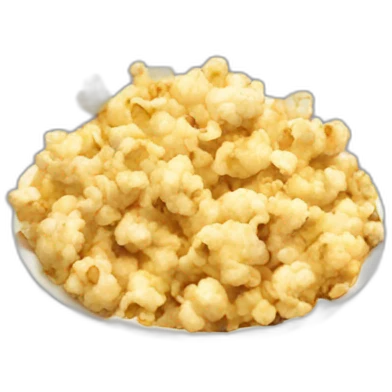 taylor swift movie theater popcorn emoji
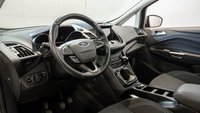 Ford C-Max Diesel 1.5 TDCi 95CV Start&Stop Plus Usata in provincia di Padova - Ferri Auto - Via del Santo  193 img-11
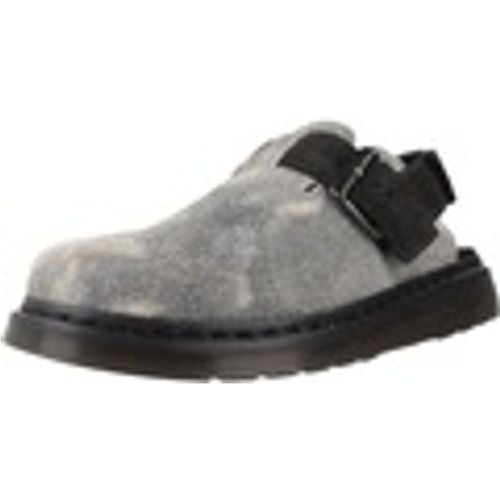 Scarpe Dr. Martens JORGE ll - Dr. Martens - Modalova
•••••
● WORK TASK
Repeat all the material above exactly, apart from the pictures.

● EXERCISE RESULT
 taylor swift movie theater popcorn emoji
 Ford C-Max Diesel 1.5 TDCi 95CV Start&Stop Plus Usata in provincia di Padova - Ferri Auto - Via del Santo  193 img-11
 Scarpe Dr. Martens JORGE ll - Dr. Martens - Modalova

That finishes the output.